Extracted records –
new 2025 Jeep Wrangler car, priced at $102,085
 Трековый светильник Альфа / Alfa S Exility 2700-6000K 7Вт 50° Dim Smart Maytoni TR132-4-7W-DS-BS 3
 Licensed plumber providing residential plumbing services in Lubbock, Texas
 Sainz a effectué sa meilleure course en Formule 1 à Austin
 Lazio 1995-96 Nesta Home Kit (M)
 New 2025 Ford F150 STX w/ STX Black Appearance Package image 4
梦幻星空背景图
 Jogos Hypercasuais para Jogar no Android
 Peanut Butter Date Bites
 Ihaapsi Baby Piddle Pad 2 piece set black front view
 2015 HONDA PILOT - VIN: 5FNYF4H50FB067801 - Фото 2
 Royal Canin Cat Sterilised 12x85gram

WHAT YOU HAVE TO DO –
The requested lines run from the one with "Sainz a effectué" through the last line of the records. Return them exactly.

TASK RESPONSE –
 Sainz a effectué sa meilleure course en Formule 1 à Austin
 Lazio 1995-96 Nesta Home Kit (M)
 New 2025 Ford F150 STX w/ STX Black Appearance Package image 4
梦幻星空背景图
 Jogos Hypercasuais para Jogar no Android
 Peanut Butter Date Bites
 Ihaapsi Baby Piddle Pad 2 piece set black front view
 2015 HONDA PILOT - VIN: 5FNYF4H50FB067801 - Фото 2
 Royal Canin Cat Sterilised 12x85gram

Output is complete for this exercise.